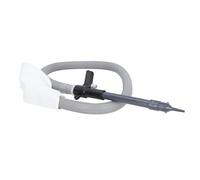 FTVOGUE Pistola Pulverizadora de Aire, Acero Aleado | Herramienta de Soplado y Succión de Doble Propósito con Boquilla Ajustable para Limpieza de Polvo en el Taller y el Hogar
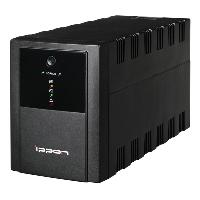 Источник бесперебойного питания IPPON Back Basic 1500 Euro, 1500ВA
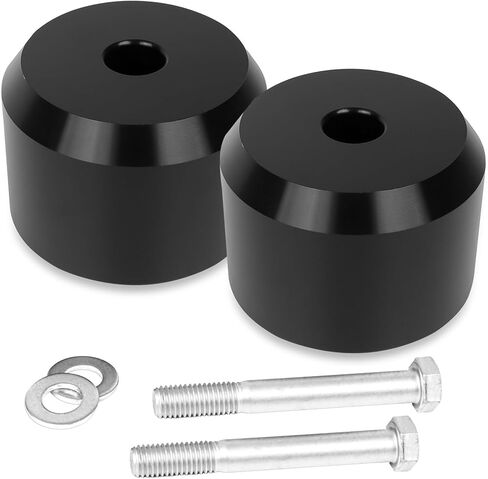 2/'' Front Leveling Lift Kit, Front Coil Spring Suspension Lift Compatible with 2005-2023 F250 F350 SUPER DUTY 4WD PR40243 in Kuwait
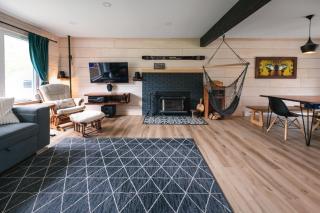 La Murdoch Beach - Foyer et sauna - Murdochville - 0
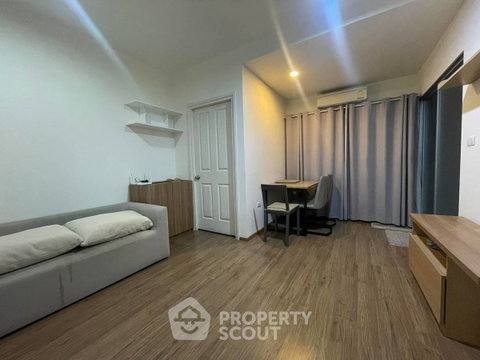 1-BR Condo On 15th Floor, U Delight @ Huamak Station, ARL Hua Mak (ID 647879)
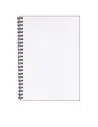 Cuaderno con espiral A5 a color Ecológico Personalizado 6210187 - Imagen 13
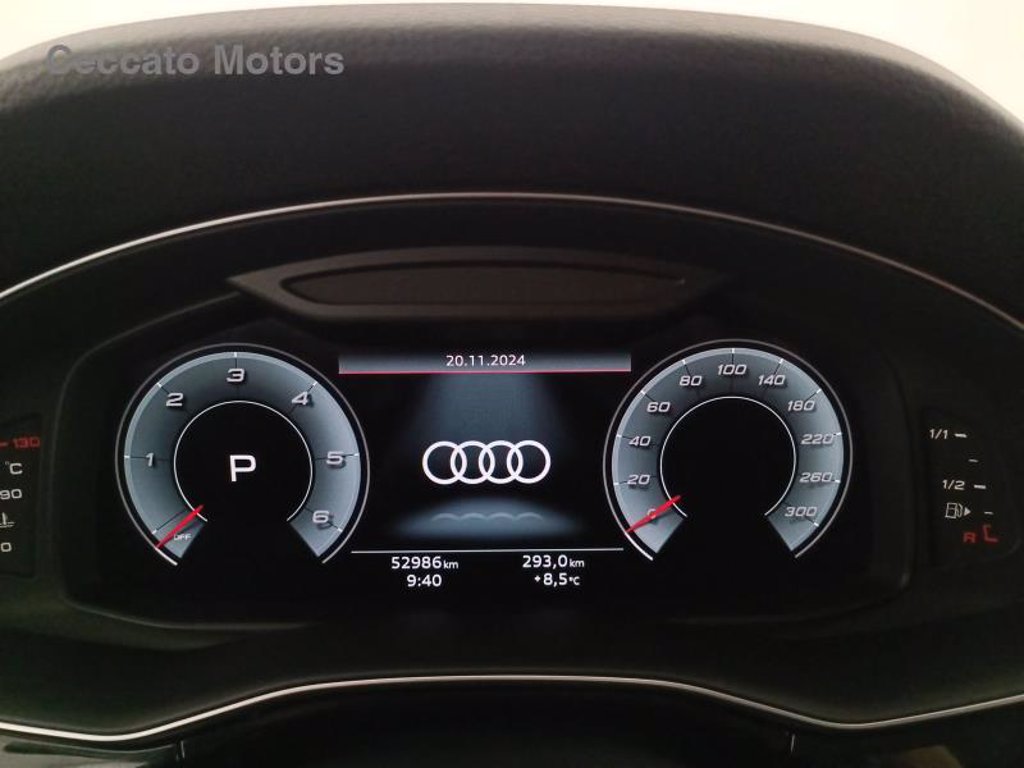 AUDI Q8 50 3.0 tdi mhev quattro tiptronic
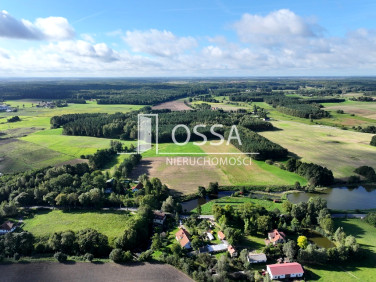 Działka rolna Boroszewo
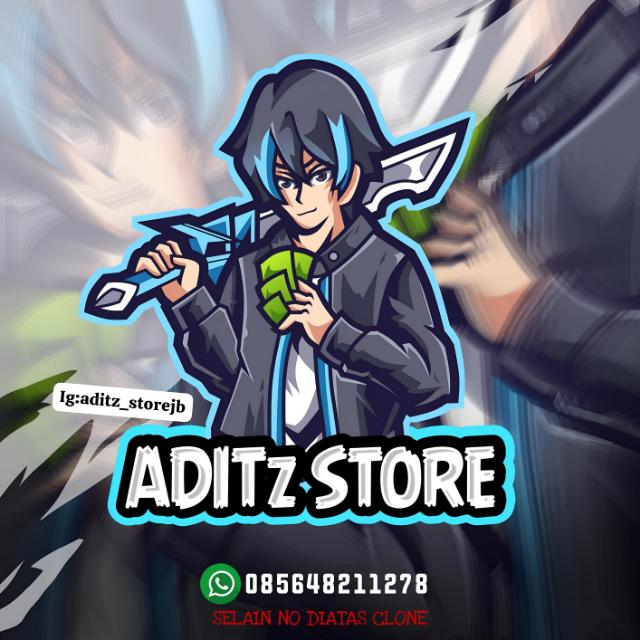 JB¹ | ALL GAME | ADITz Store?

What is required:
Set down exactly the lines running from the beginning of the entries above to the line that contains "La Murdoch Beach", including both, and leave out pictures.

Solution to the problem:
 FTVOGUE Pistola Pulverizadora de Aire, Acero Aleado | Herramienta de Soplado y Succión de Doble Propósito con Boquilla Ajustable para Limpieza de Polvo en el Taller y el Hogar
 Источник бесперебойного питания IPPON Back Basic 1500 Euro, 1500ВA
 2/'' Front Leveling Lift Kit, Front Coil Spring Suspension Lift Compatible with 2005-2023 F250 F350 SUPER DUTY 4WD PR40243 in Kuwait
 La Murdoch Beach - Foyer et sauna - Murdochville - 0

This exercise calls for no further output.